"The Seventh Seal", is heavy like "Poundcake", but unfortunetly not nearly as good. You want to like this song, but it just sounds too serious for VH. "Can't Stop Loving You", is a bonafide pop hit with good lyrics. As a ballad it's very upbeat, but not in the same league as "Love Walks In", "Dreams" (5150), or "When It's Love" (OU812).
"Don't Tell Me" is a decent rocker which preaches about the importance of freewill. Nice guitar solo. The song contains what seems an obvious mention of the 1994 shotgun suicide of Kurt Cobain: "Ain't gonna tell you what's right for you/I've seen the damage done/Down with the shotgun". Here Cobain is cast as a christ-like martyr. "I get down on my knees and pray/Now I'm saved by a higher voice/Givin' up my choice". As on, "Mine All Mine" (OU812), and, "Judgement Day" (Carnal Knowledge), Sammy thus reveals both his preoccupation with religion, and his ambivalence towards it.
Ed's chops are nice on "Amsterdam", but the song just sounds like an advertisement for how you "don't have to worry bout the man", when it comes to marijuana in Amsterdam. As such it's sort of an embarrassingly cheesy topic for a song. On the hyper-boogie tune, "Big Fat Money", Sammy just babbles in a breathless rap-scream. The song does appropriately convey the insanity of American life where people often drown in material things they've no time to enjoy. The awful ballad "Not Enough", manifests a definite staleness. Van Hagar's well of power ballads seems to have dried up here. "Aftershock", is built on a good riff, but makes a bad song. The first guitar solo at least has a moment of pop brilliance. The second guitar solo also rocks. "Baluchitherium" is a powerful instrumental which evokes images of olympic gymnists gracefully striving to push themselves to unprecedented levels of skill and endurance; A great song to work out to. "Take Me Back", features good dynamics: Acoustic guitar verse, electric verse, and then a crunchy chorus.
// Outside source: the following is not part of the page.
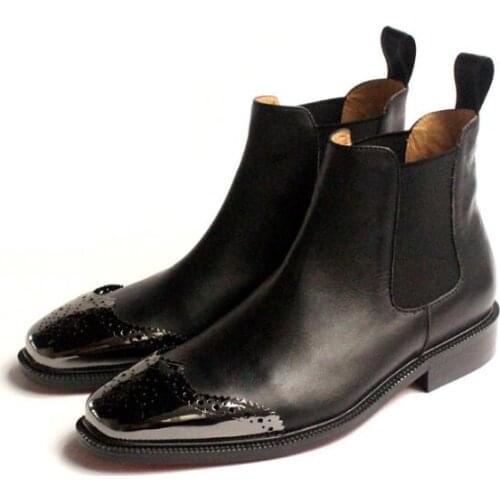 New fashion square toes men ankle boots formal handmade genuine leather men shoes slip on solid metal black mens boots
Ed's guitar playing is more interesting than the song itself though. The chorus riff on "Feelin'", has a great crunch to it as well, and there is a wild hyper-speed solo part. But with lyrics like, "grow it long, shave it off/life is hard, never soft", whatever Sammy's feelin' just doesn't seem very genuine.
This is perhaps the worst VH album. Yes, even worse than VHIII with Gary. With Sammy pushing 50, the strain in his voice was quite apparent and no doubt contributed to it being his last with the band. Many of the songs sound too screamy, like he was substituting bluster, for passion. If you only have one or two VH albums, pass this one over until the others turn you into a VH freak like me.